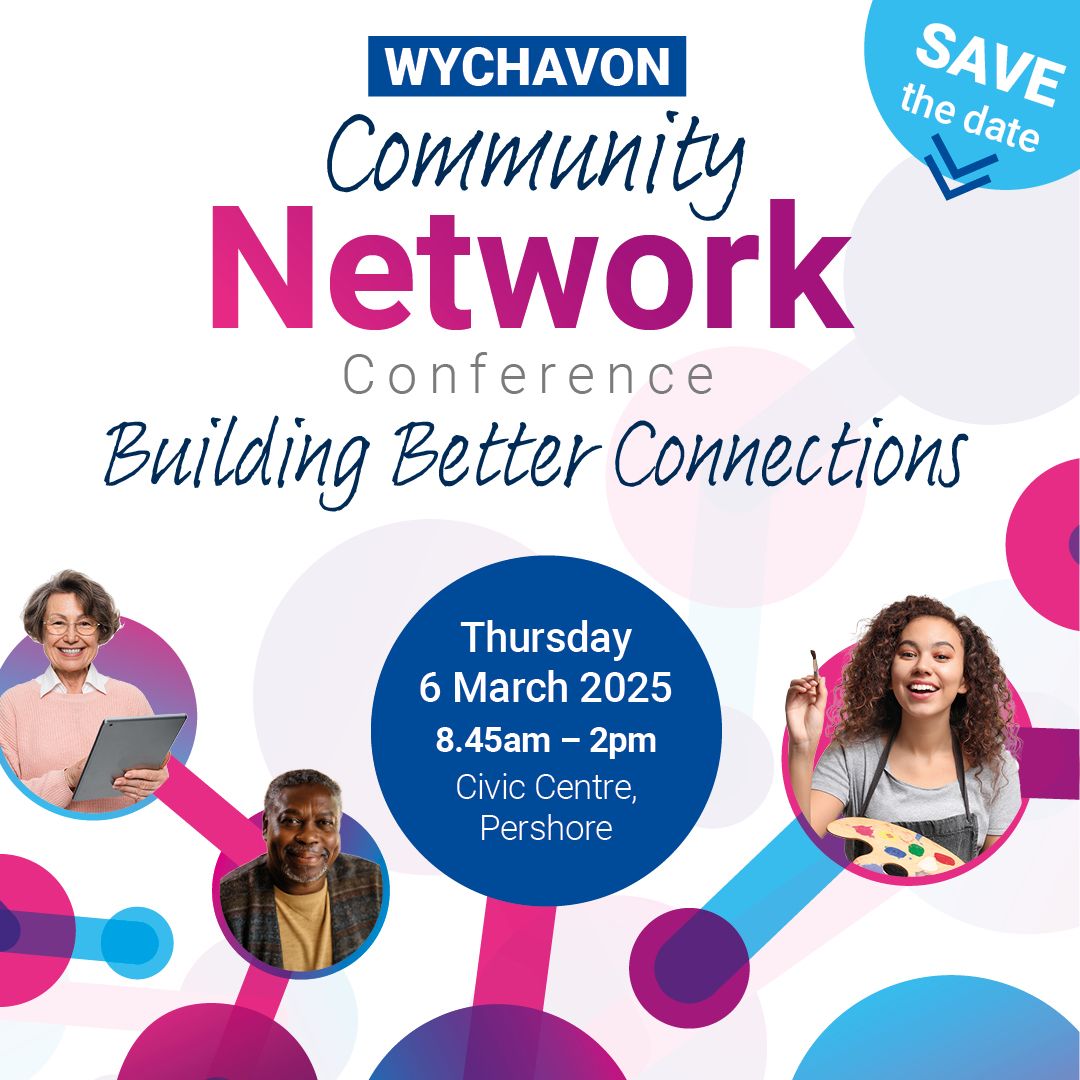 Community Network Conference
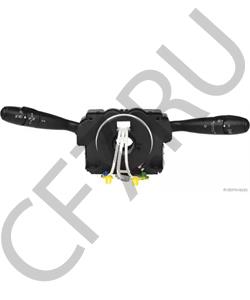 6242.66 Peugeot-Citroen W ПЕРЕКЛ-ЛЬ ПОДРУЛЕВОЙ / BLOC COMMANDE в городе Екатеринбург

________________

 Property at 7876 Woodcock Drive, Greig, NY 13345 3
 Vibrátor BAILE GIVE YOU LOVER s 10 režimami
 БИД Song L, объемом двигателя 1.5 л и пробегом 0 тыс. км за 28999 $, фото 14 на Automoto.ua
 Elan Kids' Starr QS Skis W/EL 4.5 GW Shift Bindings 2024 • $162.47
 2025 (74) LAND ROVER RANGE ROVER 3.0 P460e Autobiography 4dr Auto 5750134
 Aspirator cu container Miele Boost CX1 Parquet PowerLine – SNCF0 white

________________

Exercise brief:
Write out, from the lines above, only those from the line with "Vibrátor BAILE GIVE YOU LOVER s 10 režimami" to the line with "Aspirator cu container", exactly as given, including the first and the last.

Response below:
 Vibrátor BAILE GIVE YOU LOVER s 10 režimami
 БИД Song L, объемом двигателя 1.5 л и пробегом 0 тыс. км за 28999 $, фото 14 на Automoto.ua
 Elan Kids' Starr QS Skis W/EL 4.5 GW Shift Bindings 2024 • $162.47
 2025 (74) LAND ROVER RANGE ROVER 3.0 P460e Autobiography 4dr Auto 5750134
 Aspirator cu container Miele Boost CX1 Parquet PowerLine – SNCF0 white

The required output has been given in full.